To determine the strength of a steel, a sample undergoes tensile test. This is the common method used in Civil Engineering. However, after the building is constructed, there’s no way to determine the stability and quality of the steel (inside a concrete). No way to determine whether the steel used is a grade 60 or a grade 40.

On the other hand, sensors (sensing devices) are being used to monitor building stability, determination of cracks and damages, vibration, temperature and the like.

Texas Instruments, an electronics company, released the LDC1000 inductance-to-digital converter; a module that measures inductance. It is a contactless and magnet-free sensing technology. The LDC1000 is capable of reading up to a sub-micron resolution and is immune to non-conductive interference such as dirt and dust. The module is also capable of reading rotation, motion, compression, extension and twist of a spring, and metal composition.

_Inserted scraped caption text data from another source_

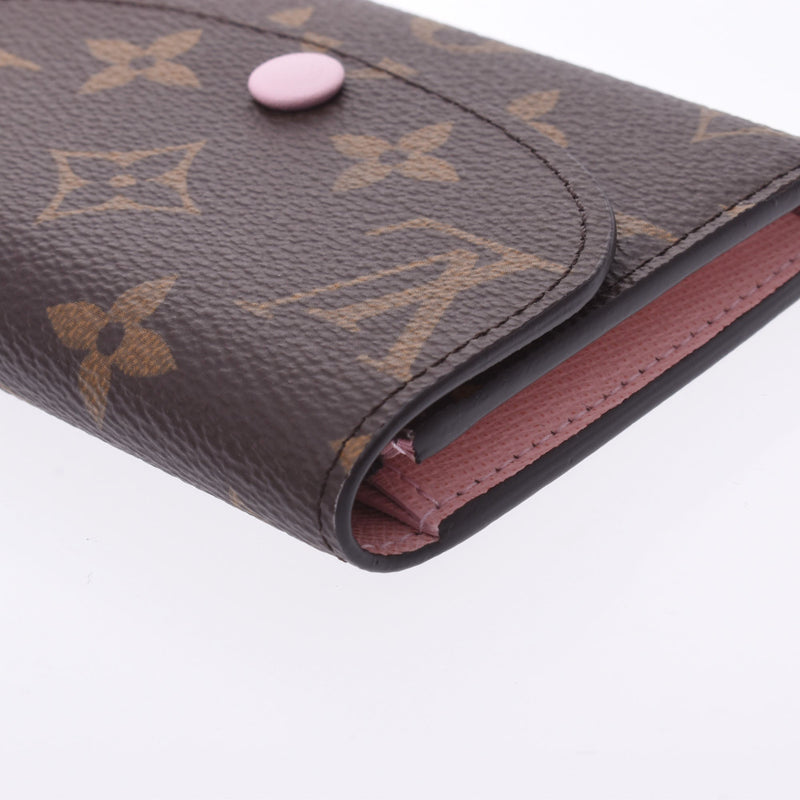 LOUIS VUITTON Louis Vuitton Monogram Porto Monet Rosari Rose Ballerine M62361 Ladies Monogram Canvas Coin Case Unused Ginzo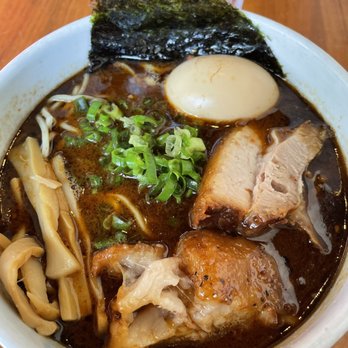 Menya le Nood - Menya ramen regular size level 3 spice - Ramen Near Me - Honolulu, Hawaii Menya le Nood - Menya ramen regular size level 3 spice - Ramen Near Me - Honolulu, Hawaii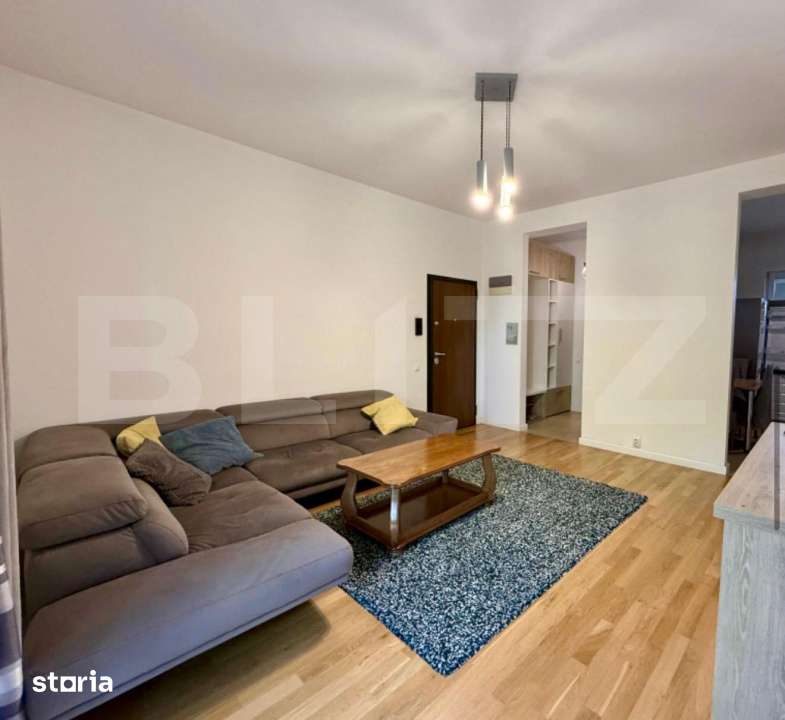 Apartament 2 camere, 2 bai, boxa, parcare subterana, Terra Gardens — fotografia 1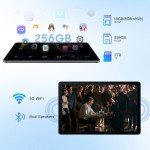 Blackview 10.1" 5G Tablet with 256GB Storage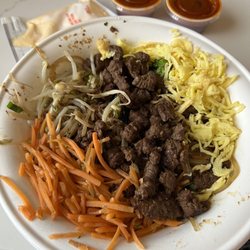 Korean Beef & Noodle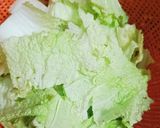 Foto langkah ke 1 dari resep Tumis sawi dan tahu putih.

This research will develop a platform (scanner and software) that will  analyze the data given by the sensor. The platform will produce data such as steel quality, grade, and diameter.

Research Objective

  1. To develop a device that can scan steel quality and property (inside a concrete).
  2. To develop an online platform that analyzes data given by the device.
  3. To determine the relationship between steel quality and its inductance.

Scope and Limitation
This research aims to develop a scanning device and an online platform (software). Part of this research will determine the relationship between steel quality (acquired data using traditional method) and its inductance.  In this study, the researcher will use two steel (rebar) sizes: 10mm and 12mm and three grades for each; grade 33, 40, and 60.  To get a comparable inductance, the following readings will be taken:

  • Inductance of a steel (bare) with varying distance from 0 to 2 inches.
  • Inductance of a steel inside a concrete with a 2 inches and 4 inches thickness.
    • Readings will be taken
      • 24hrs after casting
      • after 14 days of curing
      • after 28 days of curing
      • after 5 days of drying

Significance of the study
While traditional method is a very reliable way of determining steel quality. This study will help in the following areas:

  • Advances the technology in determining quality and strength of a building.
  • Help building evaluators validate data given by the contractor.



Conceptual Framework

This chapter discusses the concept and foundation of the study; architecture, system design, and logical framework.

Scanning Device

The main component of the scanning device is the Texas Instrument’s LDC1000EVM. An additional coil will be used to increase sensitivity. This device will be connected to a computer via USB port. Data will be accessed via serial port.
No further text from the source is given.